Ghanaian authorities have shut an LGBT resource centre that was recently opened in the country’s capital, Accra, following a public outcry.
“We no longer have access to our safe space and our safety is being threatened. We call on all human rights organizations, and allies to speak out against these attacks and hate crimes we are being subjected to,” the LGBT+ Rights Ghana group said on Twitter.
“We did not expect such an uproar,” said Alex Kofi Donkor, director of LGBT+ Rights Ghana, which hosted the center’s launch on Jan. 31 attended by European and Australian diplomats.
“We expected some homophobic organizations would use the opportunity to exploit the situation and stoke tension against the community, but the anti-gay hateful reaction has been unprecedented,” he told the Thomson Reuters Foundation. LGBT+ people face widespread persecution in the West African nation where gay sex is punishable with up to three years’ imprisonment.
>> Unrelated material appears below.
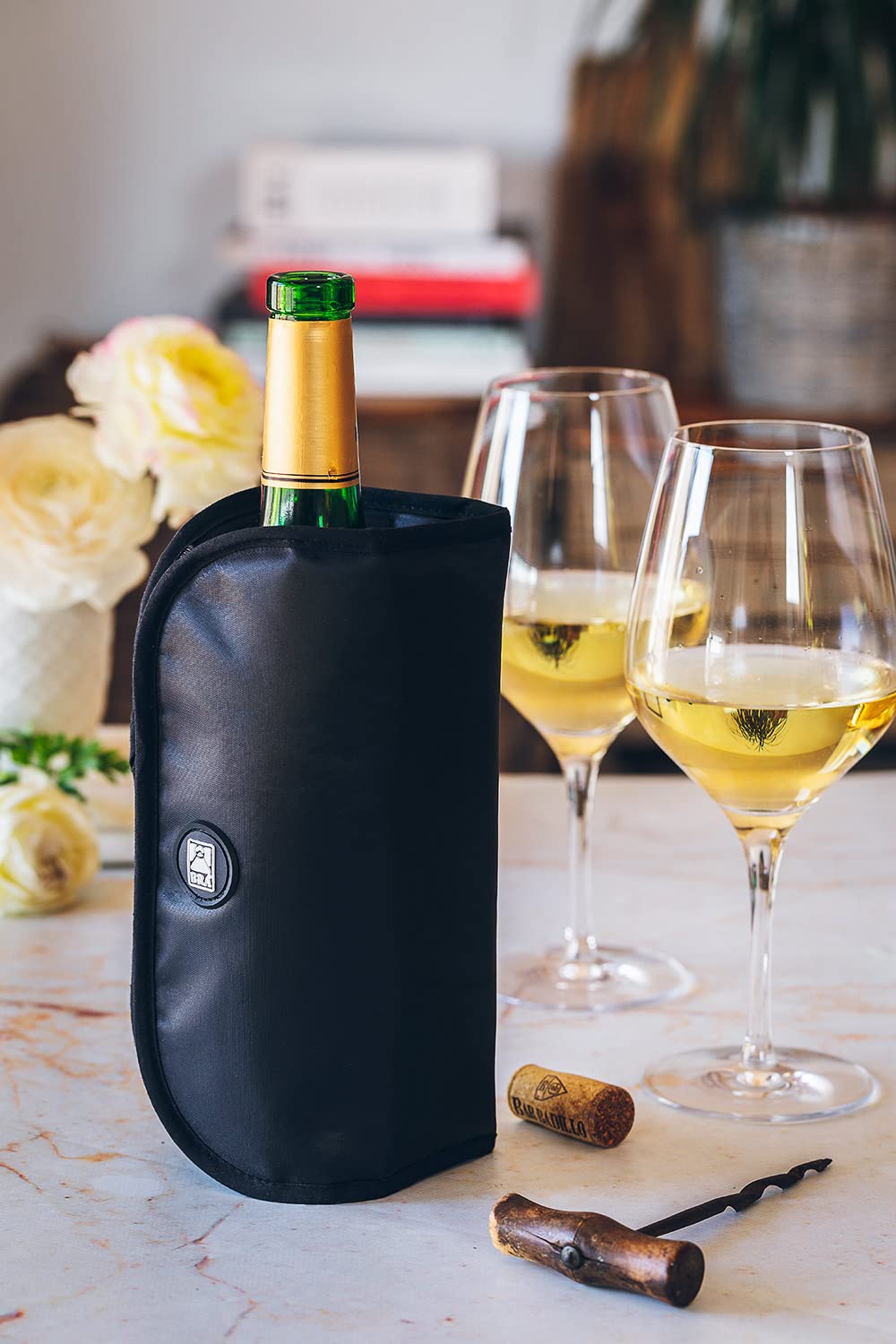 bra-funda-enfriadora-de-botellas-de-vino-o-cava-en-tejido-impermeable-negro-con- image 4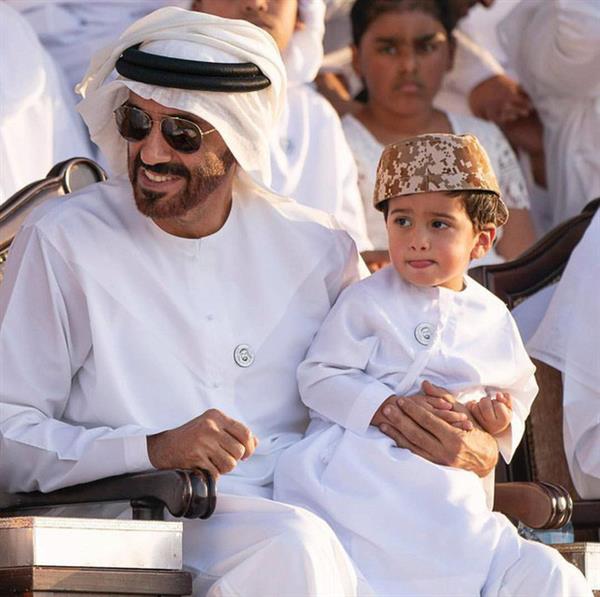 Hoàng tử UAE mua sạch vé, không cho dân Qatar vào xem bán kết Asian Cup quyền lực đến mức nào?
Rights groups, including National Coalition for Proper Human Sexual Rights and Family Values and the Ghana Catholic Bishops’ Conference (GCBC), have been calling on the government to close the centre.
Photos of the opening were widely circulated, eliciting mixed reactions.
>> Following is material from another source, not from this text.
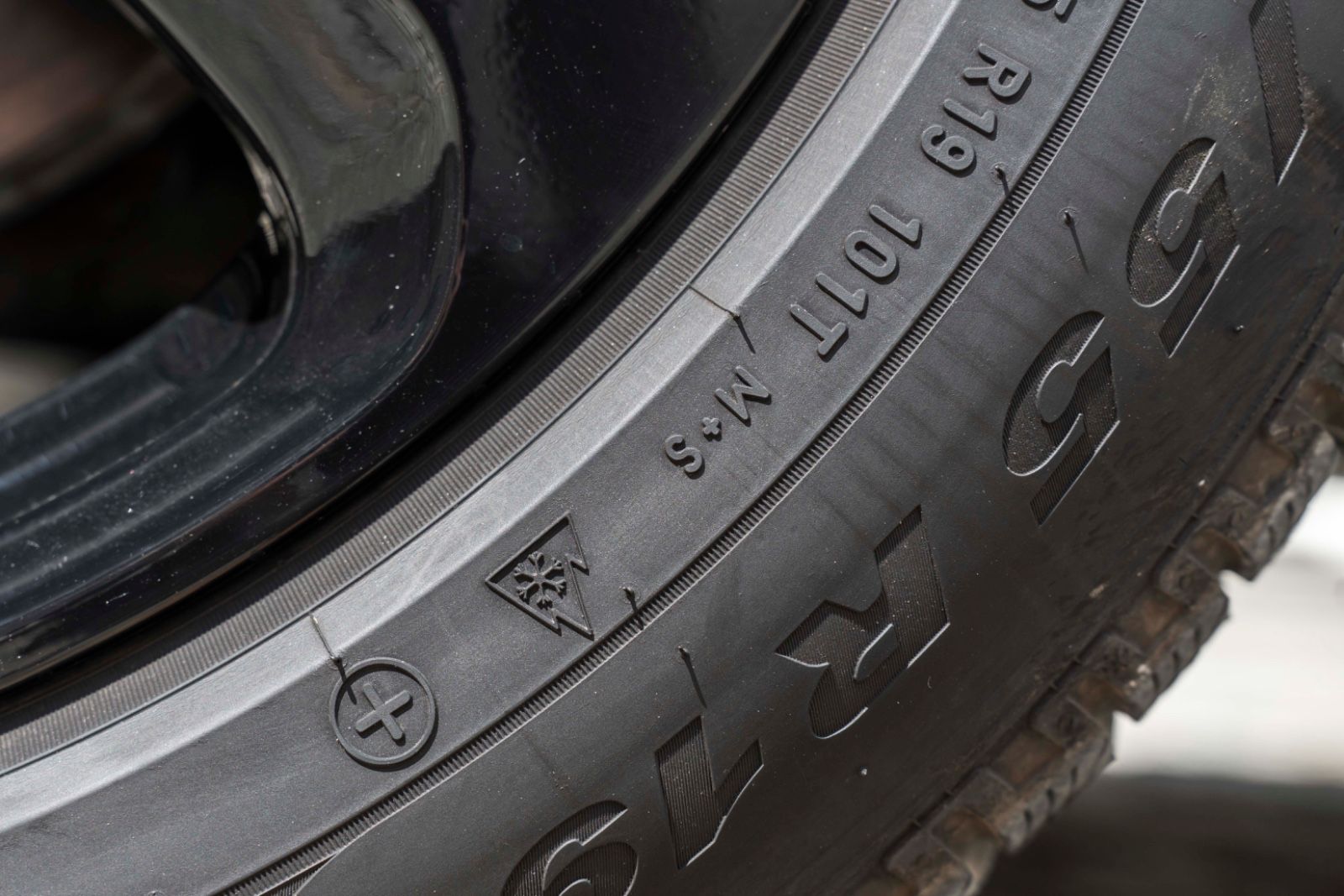 Fahrzeugabbildung Mercedes-Benz GLC 300 4MATIC LED 360° PANO TOTW NAV OFFROAD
The National Coalition for Proper Sexual Rights and Family Values, which brings together Christian, Muslim, and traditional leaders opposed to LGBT+ rights, is among those seeking to close down the center, along with prominent church groups.
“The Church rejects the unfounded and demeaning assumption that the sexual behavior of homosexual persons is always and totally compulsive and, therefore, they should not be blamed for their homosexual acts,” said the Ghana Catholic Bishops Conference.
It added: “We call on the Government of Ghana to close down the LGBTQI office space that was recently opened in Accra (and) urge the Executive and the Legislature never to be cowed down or to succumb to the pressure to legalize the rights of LGBTQIs.”
Ghana’s minister of information designate has also weighed into the debate, proposing legislation against advocating for LGBT+ rights.
Ghana is one of 32 countries in Africa that still criminalise same-sex relations, according to the latest report by the International Lesbian, Gay, Bisexual and Trans and Intersex Association (ILGA).